Светлана Тишина. Мы – тургеневцы. – Орел: Издательский дом «ОРЛИК», 2022. – 224 с.: ил.
В каждой русской книге есть чему удивиться, но в некоторых, при внимательном чтении, особенно. Советская власть настаивала на том, что крепостничество являло собой тяжелейший грех рабства, одинаково губительный для души и помещика, и крестьянина. Но факт есть факт: люди, чей род восходит к тургеневским крестьянам, на протяжении семи-восьми поколений берегут от небрежного поругания черты и незабвенного Ивана Сергеевича, и его часто жестокой матери.
У каждого земного уголка свои молитвенники за его благоденствие, а если уж местность описана в такой гениальной книге, как «Записки охотника», она уже благословлена. Но благословение не индульгенция, а обязательство как минимум лелеять земной уголок и созидать его для передачи следующим поколениям. Русская жизнь, как и многие традиционные в основе своей культуры и цивилизации, основана на родословии. Так – в сагах и Старшей, и Младшей Эдды, и почти так же – в Ветхом Завете, где распрекрасно известно, кто от какого колена и, следовательно, почему и зачем.
Второй повод бесконечно удивляться – непротиворечивость русской истории. Даже при революционном переломе она такова, что для передачи общей событийной канвы в данном конкретном Тургенево у Светланы Тишиной не находится ни одного ужасающего или сокрушающего сознание эпитета, ни одного обвинения ни одной из противоборствующих насмерть сторон. Голод был, денег – не было, но братоубийство на благословенной земле, как видится, вовсе не стало доминантой тех лет. Происходя из учителей, автор констатирует: просвещение как началось, так и продолжалось. Церковно-приходская Красная школа становится Тургеневской, затем к ней присовокупляется звание образцовой, «первая ступень» её начинает именоваться школой крестьянской молодёжи (ШКМ), но меняются названия, а суть образования остаётся прежней. Беды приходят много позже революции и Гражданской: арест отца по политической статье, гонения на Церковь, война.

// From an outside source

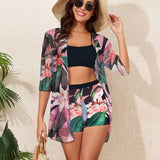 Conjunto de dos piezas de monokini estampado de cintura alta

Но вслед за ними – оправдание, снятие судимости и Победа.
Третьим поводом для уже не слишком великого удивления выступает если не сословное единство, то симфония сословий, нераздельность происхождения русской интеллигенции от священства, воинства и университетского ещё братства наук и искусств, а четвёртым поводом – плавность и слышимость за текстом авторской речи, унаследованной и от самого орловского простора, и от специфически тургеневского понимания того, как она принципиально должна звучать.

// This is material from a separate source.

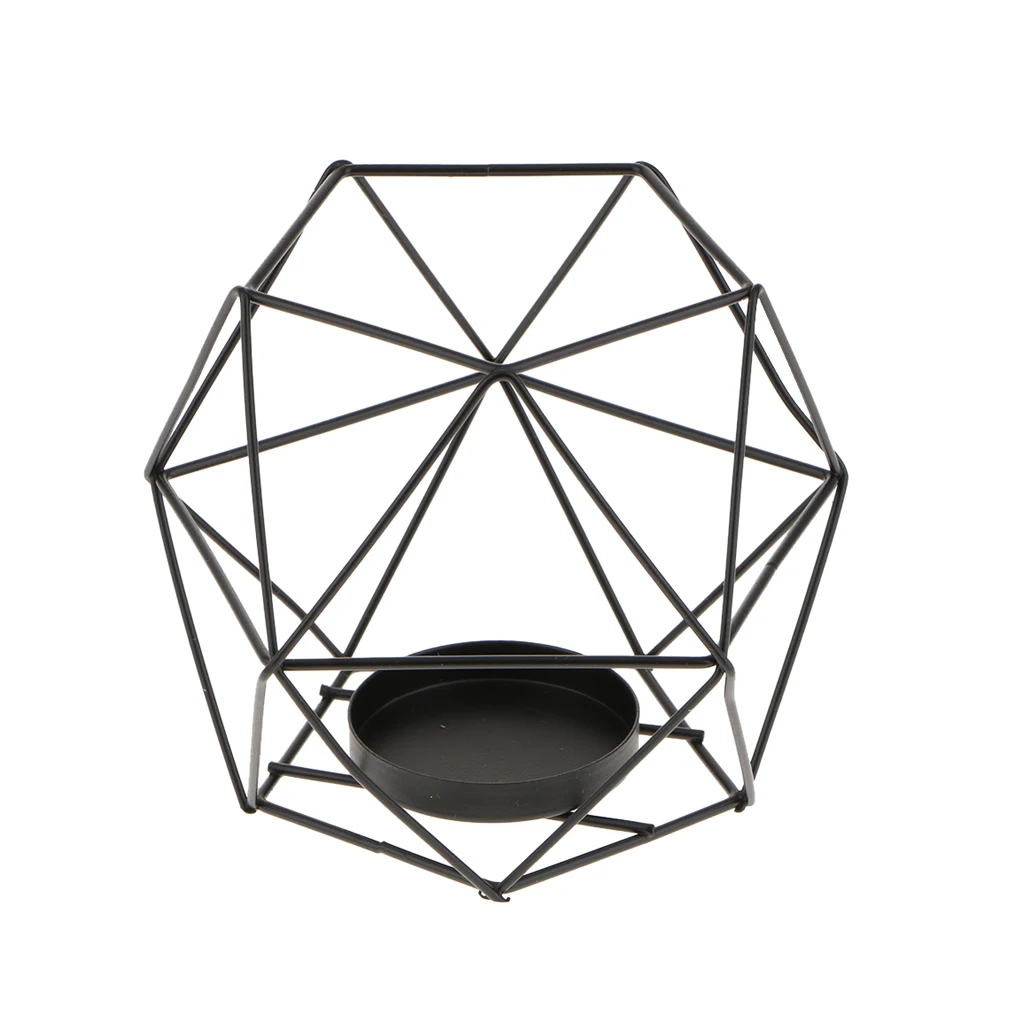 3D геометрический свадебный красочный Подсвечник чайный светильник для свадебной вечеринки украшение дома светильник настроения s Держатели - Цвет: Black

Только так, на конкретном примере непротивления судьбе, и понимаешь, какая условность все эти «красные», «белые» и прочие горячечные аффекты, и кастовые барьеры, и вообще любые разделения людей по любым признакам, кроме нравственных. За книгой Светланы Тишиной, исполненной светлыми преданиями и былями, будто бы за яблоками, облитыми утренней садовой росой, встаёт универсальный принцип единства любых противоположностей, не враждебности друг другу начал, насильственно объявленных противоположными. Метода Тишиной в публицистической и умаляющей в первую очередь себя саму автобиографии – плетение кос. Совершенно закономерно за жутковато казённым документом ХХ века слышится здесь летняя полевая песня, а то вдруг возникает юношеское стихотворение давних лет. Определение «тургеневская девушка» давно нуждается в пересмотре; настоящая тургеневская девушка – перед читателем: весёлая, заливисто хохочущая, бегущая стремглав навстречу жизни, а не от неё. Дворянские же неврозы происходили от несогласия с жизнью, но гармония её по-прежнему и желанна, и возможна, если не отстраняться от неё «этнографией» и «фольклористикой»: краеведение – это мы сами.

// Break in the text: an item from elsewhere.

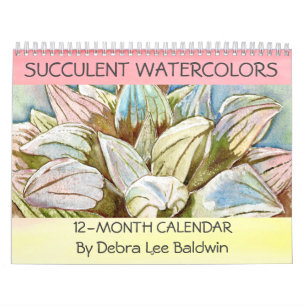 Calendário Succult Watercolor por Debra Lee Baldwin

Все мы суть одно, хоть и названное разными именами и фамилиями, наделённое различным имущественным доходом, но – одно. Материя, дух – всё отпускается нам условной мерой и лишь на время. Дочь сельского учителя оканчивает МГУ – сюжет не такой уж редкий при советской власти, но не такой уж немыслимый и при поздних государях Романовых.
Вывод? Один: если все мы внезапно условимся наконец не в шутку держаться тех самых «скреп и корней», то лучше всего уяснить себе, как делятся люди по-настоящему: на святых и бесноватых, честных тружеников и стремящихся уничтожить их подлецов.